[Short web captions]
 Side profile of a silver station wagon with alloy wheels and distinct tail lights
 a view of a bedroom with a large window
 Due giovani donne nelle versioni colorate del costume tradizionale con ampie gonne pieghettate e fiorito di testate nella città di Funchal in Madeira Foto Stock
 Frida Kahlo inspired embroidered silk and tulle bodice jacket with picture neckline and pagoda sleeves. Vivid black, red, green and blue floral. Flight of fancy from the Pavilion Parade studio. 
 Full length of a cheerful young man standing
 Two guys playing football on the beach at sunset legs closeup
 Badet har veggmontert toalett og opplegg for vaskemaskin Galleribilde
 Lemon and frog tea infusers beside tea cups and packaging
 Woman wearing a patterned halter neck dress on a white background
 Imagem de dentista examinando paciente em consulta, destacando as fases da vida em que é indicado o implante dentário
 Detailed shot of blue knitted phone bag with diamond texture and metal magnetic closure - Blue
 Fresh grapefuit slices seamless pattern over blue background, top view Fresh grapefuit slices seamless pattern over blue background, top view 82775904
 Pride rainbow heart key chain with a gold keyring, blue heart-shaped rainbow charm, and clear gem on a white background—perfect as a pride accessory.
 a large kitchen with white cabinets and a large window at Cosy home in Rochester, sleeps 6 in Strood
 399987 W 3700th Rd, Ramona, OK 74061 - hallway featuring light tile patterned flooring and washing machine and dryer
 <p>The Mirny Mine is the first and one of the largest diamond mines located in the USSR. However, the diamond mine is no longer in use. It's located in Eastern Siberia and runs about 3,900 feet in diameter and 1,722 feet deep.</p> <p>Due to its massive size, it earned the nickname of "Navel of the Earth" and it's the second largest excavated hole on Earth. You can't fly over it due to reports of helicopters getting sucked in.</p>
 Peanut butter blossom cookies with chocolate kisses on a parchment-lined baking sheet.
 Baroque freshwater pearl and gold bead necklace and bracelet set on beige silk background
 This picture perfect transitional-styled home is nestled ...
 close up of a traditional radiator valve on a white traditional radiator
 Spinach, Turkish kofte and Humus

* **Task objective**: Copy exactly the stretch of data above from the line with "Imagem de dentista" through the line with "Detailed shot of", and omit all other lines.

* **Answer section**:
 Imagem de dentista examinando paciente em consulta, destacando as fases da vida em que é indicado o implante dentário
 Detailed shot of blue knitted phone bag with diamond texture and metal magnetic closure - Blue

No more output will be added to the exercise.